Il a fallu un bon moment pour que de coté-ci de l'Atlantique on s'intéresse à cet extraordinaire mouvement mené au départ par les étudiants, puis par une frange de plus en plus importante de la société québécoise. Or, cela fait plus de cent jours que les manifestations se multiplient et ne désemplissent pas.
Ce mouvement hors du commun dans la "Belle province", est parti de la volonté du gouvernement d'augmenter fortement les droits de scolarité pour les étudiants. Le milieu étudiant n'a pas accepté, considérant qu'il s'agit d'une remise en cause de l'accés de tous à l'enseignement supérieure. Il s'est d'abord développé dans les universités, avec les étudiants, les professeurs et les parents. Surtout, face à l'ampleur de la répression de la part du gouvernement (des centaines d'arrestations), c'est peu à peu toutes les couches de la société qui se sont senties concernées, écoeurées par la loi 78 qui restreint le droit de manifester et de se rassembler.

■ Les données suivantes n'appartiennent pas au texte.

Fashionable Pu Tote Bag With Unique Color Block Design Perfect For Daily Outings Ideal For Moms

Ce qui se passe au Québec est exemplaire à tous points de vue. En premier lieu parce qu'il met en lumière la nature profonde du libéralisme. La culture et l'éducation comme moyens d'émancipation sont contraire à ce courant de pensée pour qui tout doit être payant, et mis au service de l'économie et de l'entreprise. Cette logique est parfaitement illustrée par un ministre québécois qui a déclaré : "Il faut mouler les cerveaux pour les entreprises". L'éducation de masse n'est pas dans l'intérêt de tous. Mais surtout, en utilisant la violence, en restreignant les libertés, l'état libéral indique qu'il fait peu de cas des aspirations démocratiques et transforme peu à peu leur pouvoir en pouvoir dictatorial.

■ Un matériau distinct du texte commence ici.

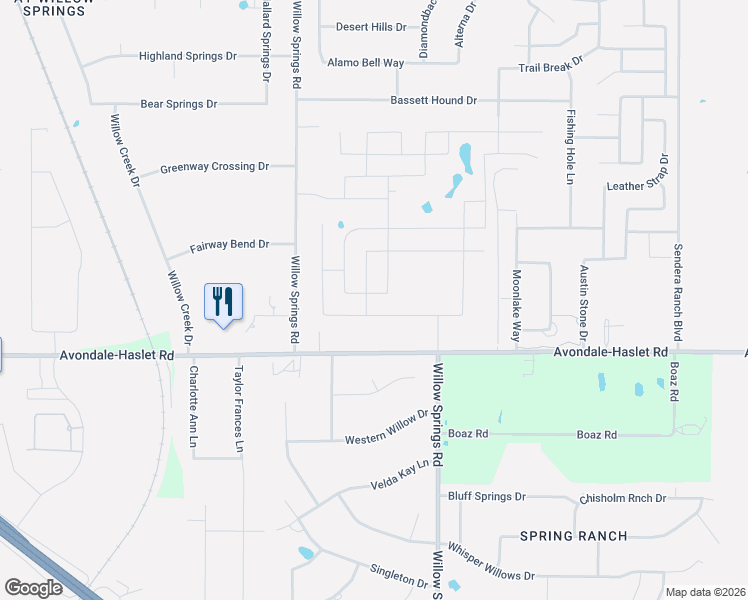 map of restaurants, bars, coffee shops, grocery stores, and more near 13390 Willow Springs Road in Haslet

Le second intérêt vient du fait que ce mouvement n'est pas isolé. Il s'inscrit dans cette formidable vague des "Indignés", mais aussi du printemps arabes. Evidemment, jusqu'ici, ces mouvements ont débouché sur des impasses politiques ou idéologiques, mais les brêches qu'ils ont créés dans les consciences ne s'effaceront pas. Alors que le libéralisme a mondialisé l'éconnomie, les révoltes suivent enfin le pas. Certes, en Espagne, en Grèce, au Canada, en Tunisie, chacun se bat d'abord dans son pays, dans un contexte local. La soif de liberté, d'égalité, de justice est partout la même, elle est en marche. Cela prendra du temps, il y aura des revers, mais plus personne ne pourra ignorer les aspirations profondes des peuples. Jean Charest au Québec est en train de le comprendre.